Marpa compiles and decompiles a grammar as part of its deep copy processing phase. Internally, the deep copy processing phase saves the trace file handle of the original grammar to a temporary, then restores it using the trace file handle argument of
decompile()
. - Parse::Marpa::precompute(grammar) or $grammar->precompute()
-
Takes as its only argument a grammar object and performs the precomputation phase on it. It returns the grammar object or throws an exception.
DIAGNOSTIC METHODS
The separate document on diagnostics deals with methods used primarily to debug grammars and parses.
OPTIONS
This section documents the options recognized by the Parse::Marpa::new()
, Parse::Marpa::Parse::new()
, and Parse::Marpa::set()
methods. When the same option is specified in two different method calls, the most recent overrides any previous setting, unless stated otherwise in the description of the option.
Most options set Marpa's predefined variables, which can also be set using the high-level grammar interfaces. A few options don't deal with Marpa's predefined variables and are special to the new()
and set()
methods. These "method only" options are documented in this section.
The options which set Marpa's predefined variables are documented in the section on predefineds below, except for those primarily used to debug and trace grammars and parses. Options for debugging and tracing are dealt with in the separate document on diagnostics.
- grammar
-
Takes as its value a grammar object. Only valid as an option to
Parse::Marpa::Parse::new()
, where it's required. - source
-
This takes as its value a reference to a string containing a description of the grammar in the Marpa Demonstartion Language. It must be specified before any rules are added, and may be specified at most once in the life of a grammar object.
PREDEFINEDS
This section documents Marpa's predefined variables. There are two ways to set these. The most basic is as method options: options of the Parse::Marpa::new()
, Parse::Marpa::Parse::new()
, and Parse::Marpa::set()
methods. The other way to set them is as high-level interface options: indirectly through one of Marpa's high-level grammar interfaces.
This section discusses those semantics of Marpa's predefineds which are the same across all interfaces; as well as considerations specific to setting predefineds as method options. The canonical name of a Marpa predefined variable is the same as the option name of its method option.
High level grammar interfaces are free to use their own conventions for dealing with Marpa's predefined variables. The documentation of MDL describes, and the documentation of every high level interface should describe, which predefineds can be set through that interface, how they are set, and any special considerations that apply when using that high-level interface.
Unless documented otherwise, a predefined can be specified more than once. The most recent setting always applies, again unless documented otherwise.
A special case is when the same predefined is set twice in the same method call, once in high-level source provided as the value of source
method option, and once directly through the predefined's own method option. In that circumstance, the method option's setting is always considered to be "more recent". This mean that, if the Marpa predefined variable has the default behavior, which is for a "more recent" setting to override a "less recent" one, the method option will override any settings in the high-level source.
- ambiguous_lex
-
Treats its value as a boolean. If true, ambiguous lexing is used. This means that even if a terminal is matched by a closure or a regex, the search for other terminals at that location continues. If multiple terminals match, all the tokens found are considered for use in the parse. If the parse is ambiguous, they may all end up actually being used. Ambiguous lexing is the default.
If false, Marpa does unambiguous lexing, which is the standard in parser generators. With unambiguous lexing, lexing at each location ends when the first terminal matches. The user must ensure the first terminal to match is the correct one. Traditionally, users have done this by making their lex patterns deterministic -- that is, they set their lex patterns up in such a way that every valid input can be lexed in one and only one way.

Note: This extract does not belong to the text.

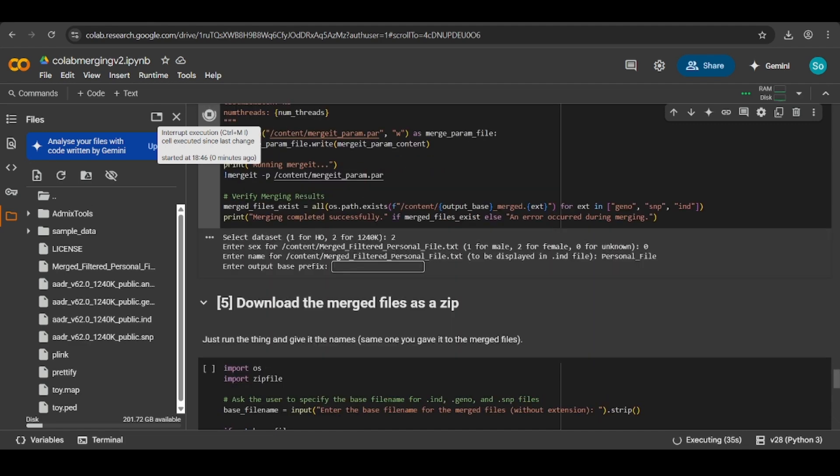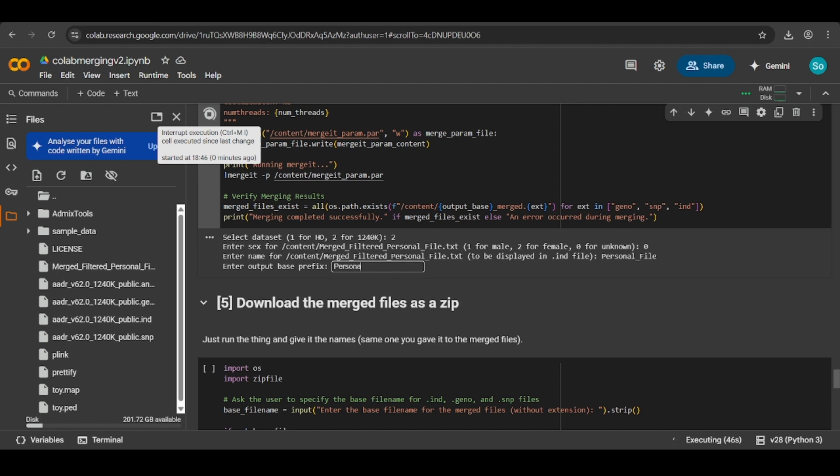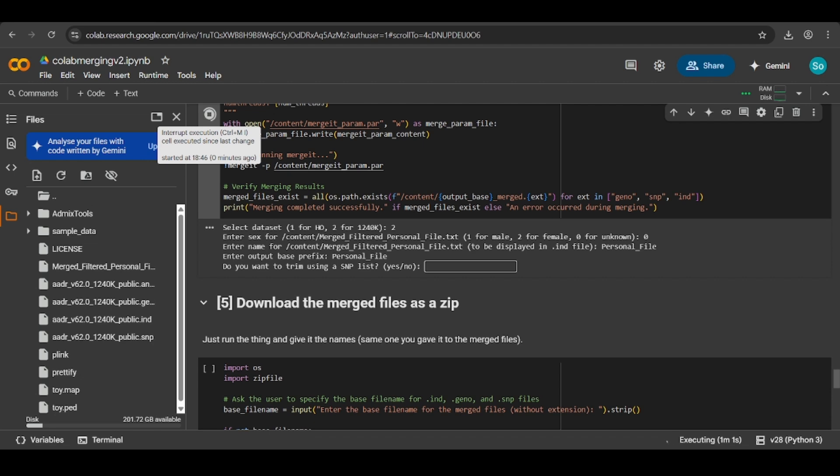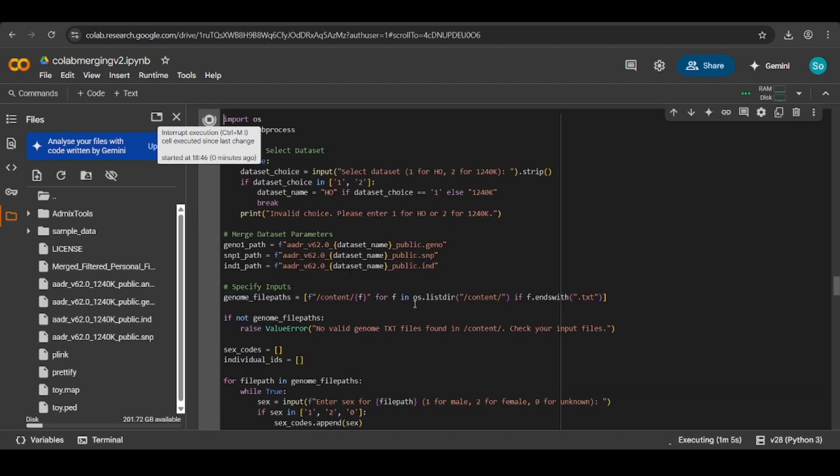Enter this. The prefix will be the name of the actual files themselves. You want to just call this personal file. It's fine, but remember this because you'll need it later. Then finally, it will ask you if you want to trim using the SNP list. Here, click no because the P-link SNP lists are quite buggy. They don't work properly, and we already did this in the last video manually. So put no and then click and hit enter.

Marpa offers users who opt for unambiguous lexing a second alternative. The order in which terminals are tested can be manipulated by setting their priorities.
- code_lines
-
If there is a problem with user supplied code, Marpa prints the error message and a description of where the code is being used. Marpa will display the code itself as well. The value of this option tells Marpa how many lines to print before truncating the code. If it's zero, no code is displayed. If it's negative, all the code is displayed, no matter how long it is. The default is 30 lines.
- default_action
-
Takes as its value a string, which is expected to be code in the current semantics. (Right now Perl 5 is the only semantics available.) For rules which don't have an explicitly specified action, the default is to return a Perl 5 undefined. This default is usually adequate, but it can be changed by setting the
default_action
predefined. - default_lex_prefix
-
The value must be a regex in the current semantics. (Right now Perl 5 is the only semantics available.) The lexers allow every terminal to specify a lex prefix, a pattern to be matched and discarded before the pattern for the terminal itself is matched. This is typically used to handle leading whitespace.

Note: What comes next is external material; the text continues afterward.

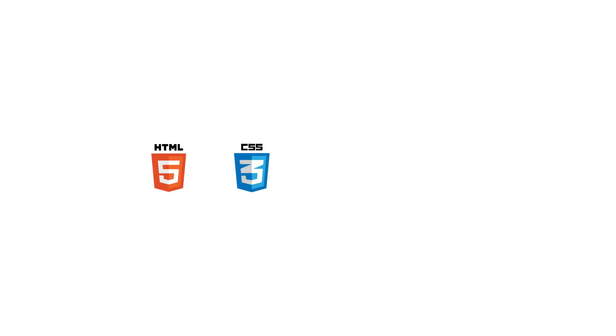Before we start, you need to have a basic knowledge of HTML, CSS, JavaScript, and PHP.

The default is no lex prefix. But whitespace processing is often wanted, and when it is, the same whitespace processing is usually wanted for most or all terminals. This can be done conveniently by changing the default lex prefix.
- default_null_value
-
The value must be a string containing code in the current semantics. (Right now Perl 5 is the only semantics available.) The null value of a symbol is its value when it matches the empty string in a parse. By default, that value is a Perl 5 undefined. Resetting the
default_null_value
Marpa predefined resets that default. There's more about null values in the CONCEPTS document. - online
-
A boolean. If true, the parser runs in online mode. If false, the parser runs in offline mode.
In offline mode, which is the default, Marpa assumes the input has ended when the first parse is requested. It does some final bookkeeping, refuses to accept any more input, and sets its default parse to be a parse of the entire input, from beginning to end.
In online mode, which is under construction and poorly tested, new tokens may still be added, and final bookkeeping is never done. Marpa's default idea is still to parse the entire input up to the current earleme, but in online mode that is often not be what the user wants. If it's not, it up to her to determine the right places to look for complete parses, based on her knowledge of the structure of the grammar and the input. The method
Parse::Marpa::Parse::find_complete_rule()
, documented as a diagnostic method, may help. - preamble
-
The preamble is a string which contains code in the current semantics. (Right now Perl 5 is the only semantics available.) The preamble is run in a namespace special to the parse object. Rule actions and lex actions also run in this namespace. The preamble is run first, and may be used to set up globals.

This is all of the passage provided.